───── Exercise inputs

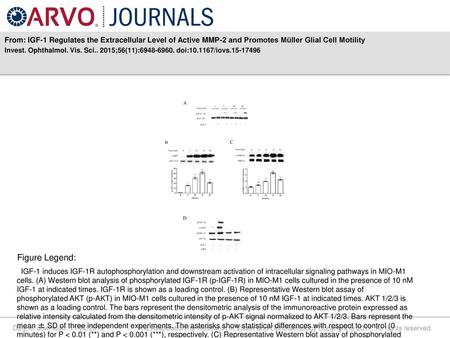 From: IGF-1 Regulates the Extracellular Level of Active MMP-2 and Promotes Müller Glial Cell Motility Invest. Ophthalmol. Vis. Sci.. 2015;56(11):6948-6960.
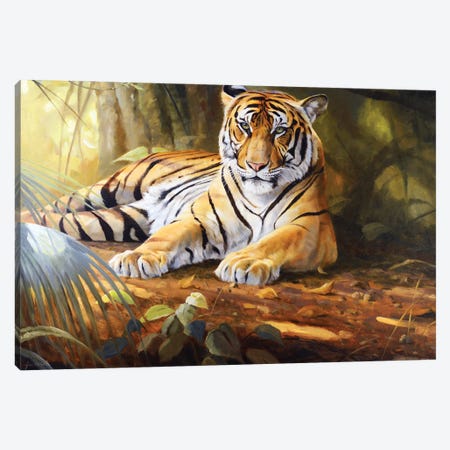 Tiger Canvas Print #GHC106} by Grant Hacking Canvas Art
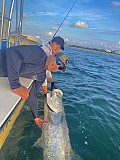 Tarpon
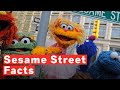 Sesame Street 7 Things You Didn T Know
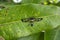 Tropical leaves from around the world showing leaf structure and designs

──────────
───── Exercise inputs

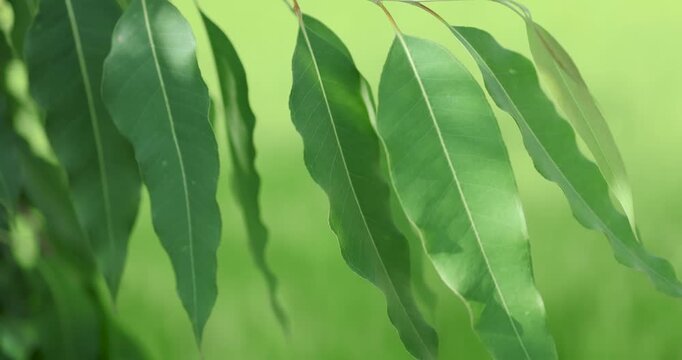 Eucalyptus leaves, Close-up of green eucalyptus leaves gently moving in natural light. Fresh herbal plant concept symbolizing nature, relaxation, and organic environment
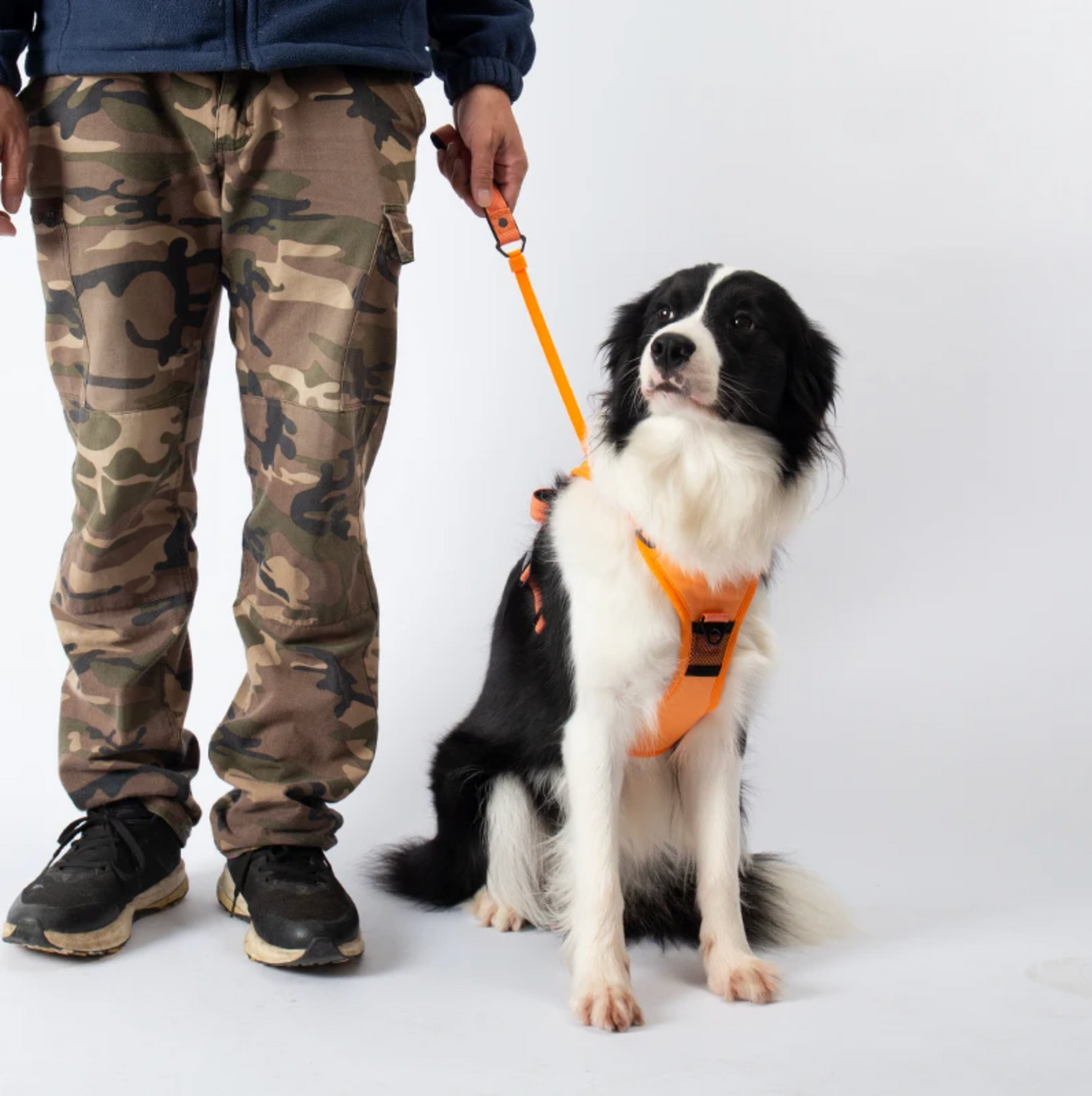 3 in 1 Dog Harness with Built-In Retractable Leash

──────────

The problem =>
Could you output exactly the lines above, from the line with "Eucalyptus leaves, Close-up" up to and including the line with "3 in 1 Dog Harness", and nothing else, skipping the pictures?

Problem solution =>
 Eucalyptus leaves, Close-up of green eucalyptus leaves gently moving in natural light. Fresh herbal plant concept symbolizing nature, relaxation, and organic environment
 3 in 1 Dog Harness with Built-In Retractable Leash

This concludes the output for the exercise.